Ideation and hypothesis
In a Design Thinking process, ideation consists of generating innovative ideas in order to find solutions.
Brainstorming and group work are therefore favorable here. Each member of the team can share their ideas in order to create a debate and make intelligent hypotheses.
With all the qualitative and quantitative data collected before, the goal of this final step is to find hypotheses to be implemented in future tests.
The objective here is to generate as many hypotheses as possible.
Finally, it is best to organize and tidy all the assumptions made with a rating system according to the ease of implementation and the impact on the user experience.
The important thing is to prioritize the assumptions that have great potential in terms of optimizing the conversion rate. This will allow you not to focus on details that are not worth investing in.
How does it work in practice?
A great use case is the one of UNICEF Spain who wanted to improve the donation funnel and avoid the abandonment of its users.
With the help of live recording tools, a number of problems were identified on some pages, and with this data, Making Science carried out different tests with users to discover what was wrong in the process.

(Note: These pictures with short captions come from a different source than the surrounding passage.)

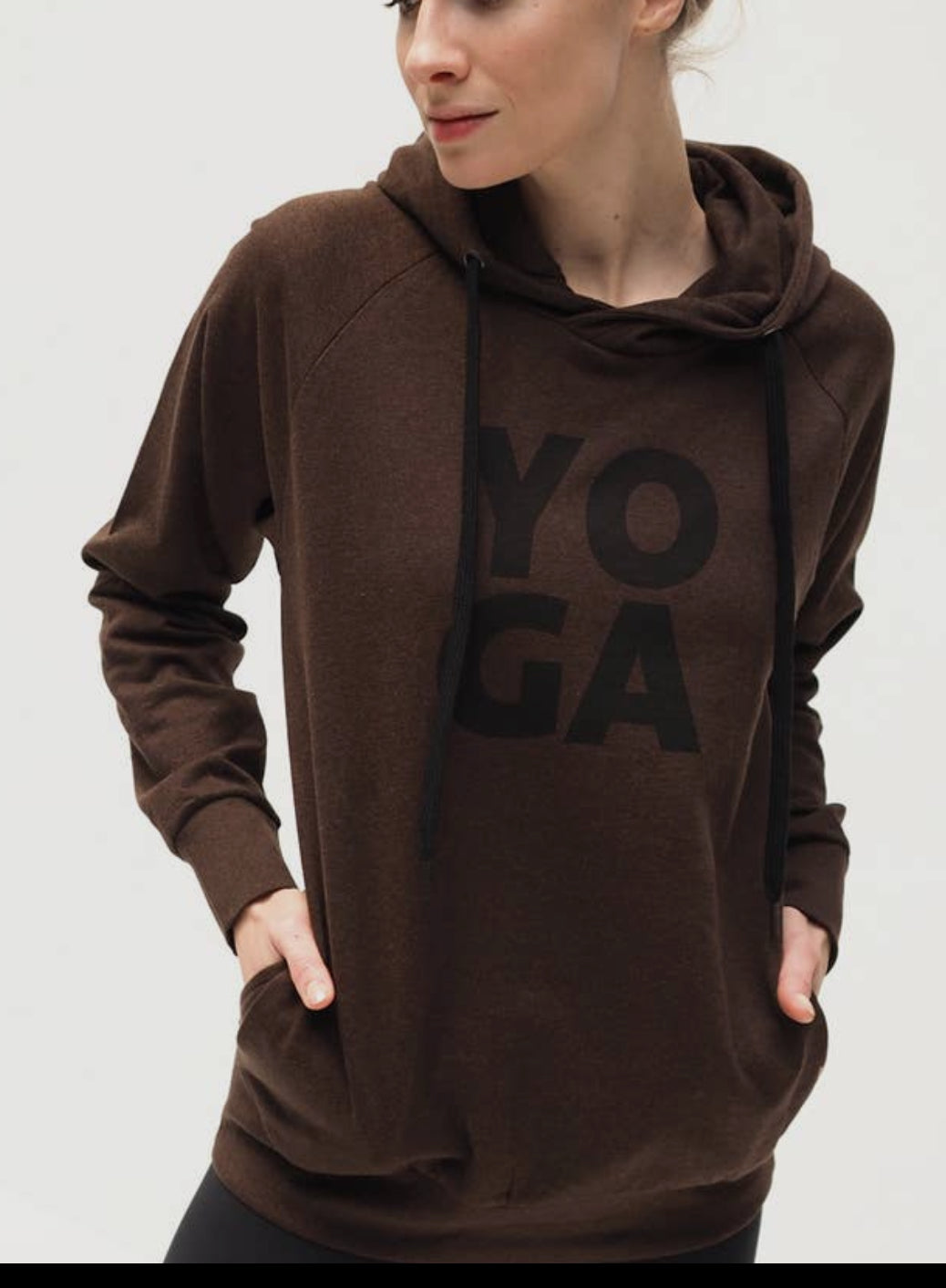 Felpa YOGA cappuccio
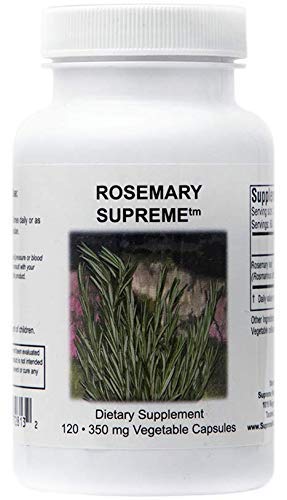 Supreme Nutrition frente del envase mostrando 120 cápsulas y etiqueta clara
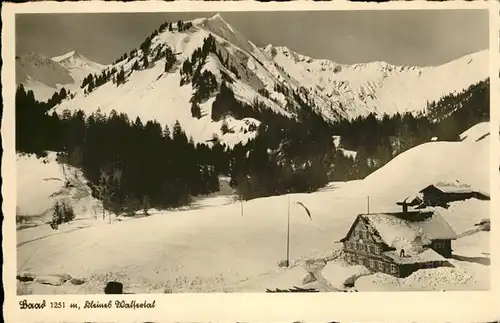 Baad Kleinwalsertal 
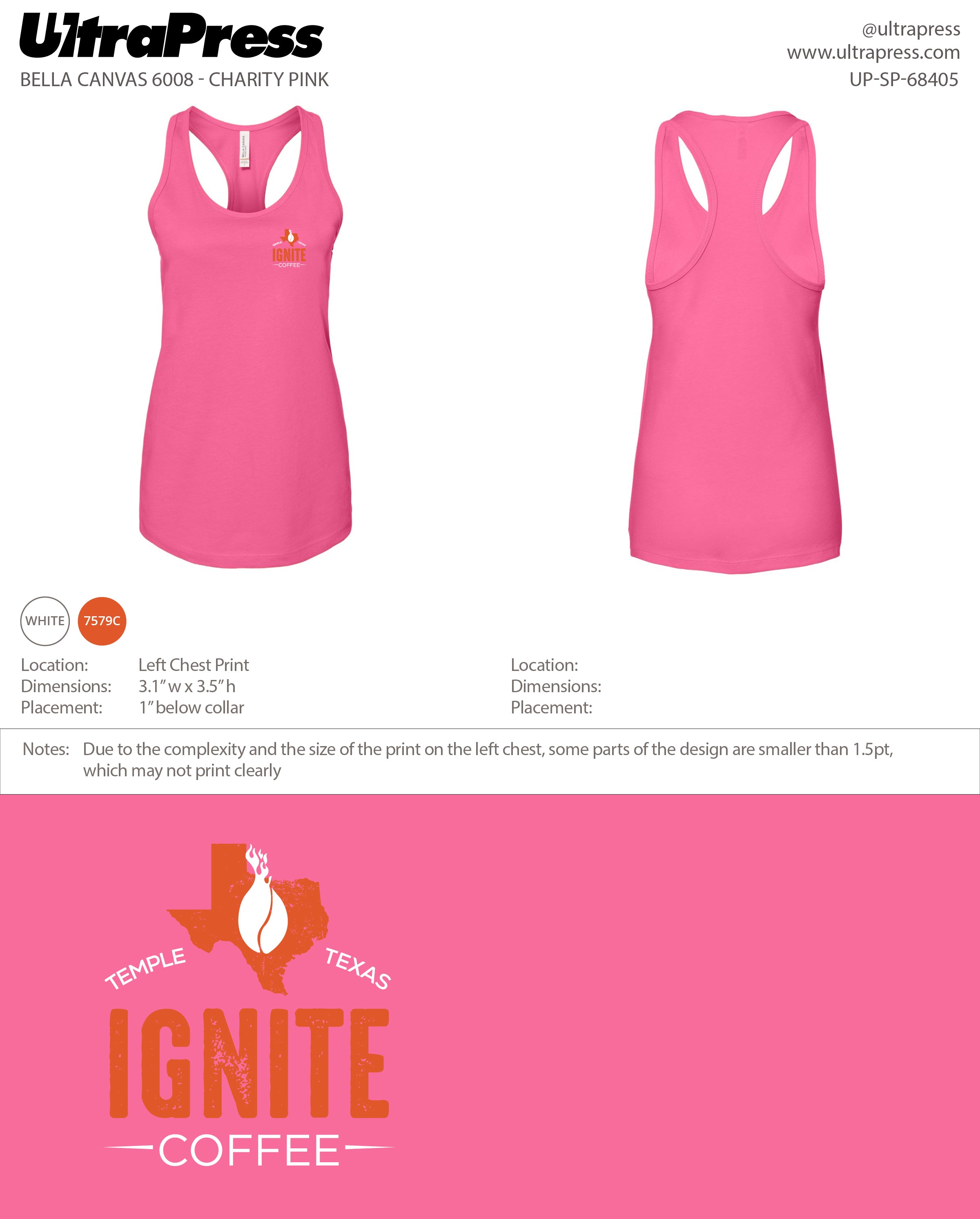 UP-SP-68405 Ignite - Joshua M Selzler 24 Min Qty (Bulk)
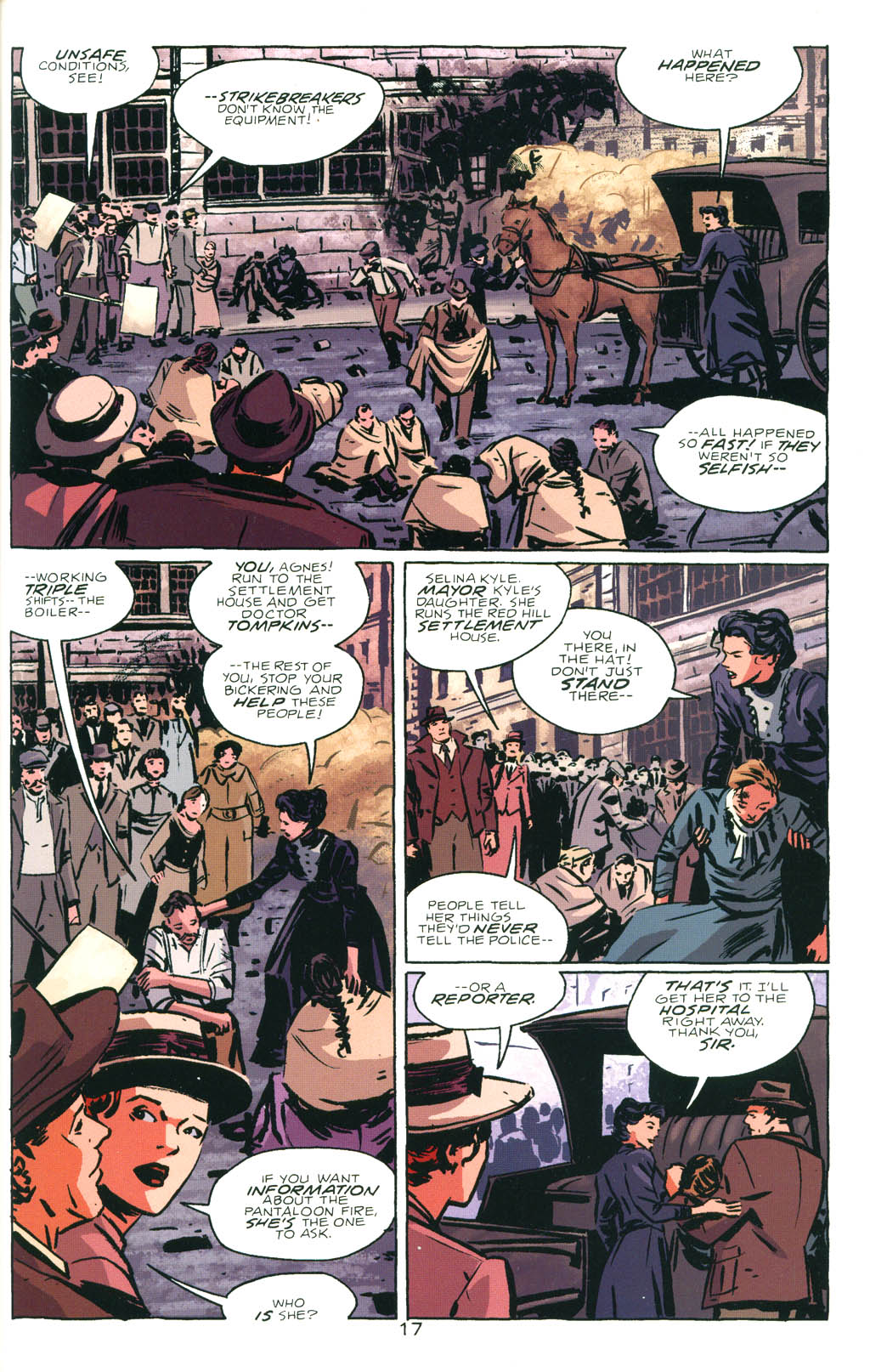 Read online Batman: The Golden Streets of Gotham comic -  Issue # Full - 19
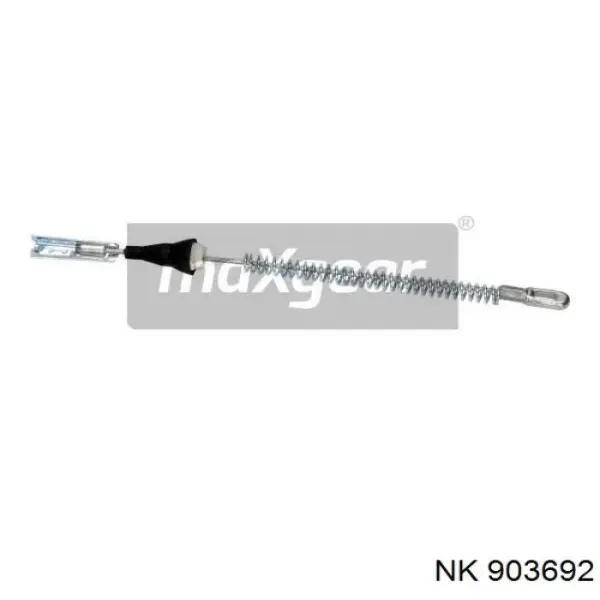 Cable de freno de mano trasero derecho/izquierdo 999199 SPJ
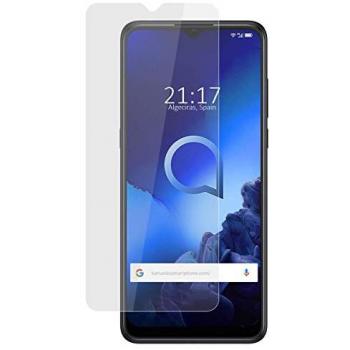 Protector Cristal Templado para Alcatel 3X 2020 - Vidrio templado, alta transparencia, resistencia a rayones, fácil instalación, compatible con Alcatel 3X 2020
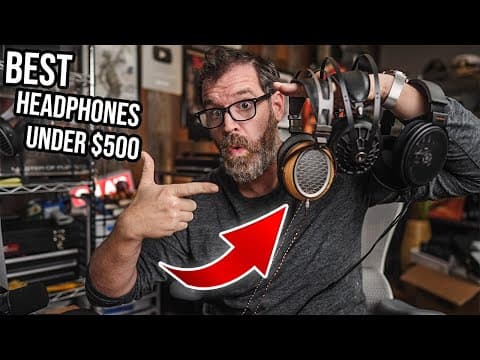 Best Headphones Under $500? I tell you Which One I Liked thumbnail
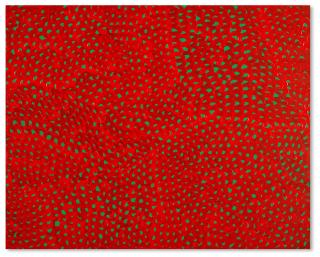 Yayoi Kusama - Infinity Nets (XAZ)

We discovered that a large number of users left the page in the first step due to usability issues and a process perceived as too long by the users. With this data, applying the user experience knowledge of the agency, and based on the results of the tests, it was decided to modify and reduce the funnel from 4 steps to 2, to see if this improved the percentage of user abandonment.
The result was an improvement of 86.3% of the conversion rate and 47.40% of the revenue.
The necessary expertise
In a Design Thinking process, collaboration is essential. It makes it possible to call on several expertise necessary for research, design, and testing.
For the optimization of conversions, it’s the same thing. There are many aspects that must be mastered to develop conversions for a website.
Here are examples of roles that an effective Design Thinking team must contain to optimize conversions:
- Data Analyst
- Project manager
- UX / UI Designer
- UX Copywriter
- Front developer
This also requires a mastery of many analysis and research tools such as Google Analytics, Tag Manager, VWO, and others: prototyping software like Figma or Sketch.
All these specialties are different and each have very specific objectives but they are complementary to optimizing the conversion rate.
CRO is often seen as an area reserved for large companies. However, Design Thinking, which is more popular, ultimately has the same objective as CRO: to generate and test innovative ideas in order to improve the user experience, the product or the conversion rate.
Design Thinking is therefore an ideal process for carrying out a CRO strategy.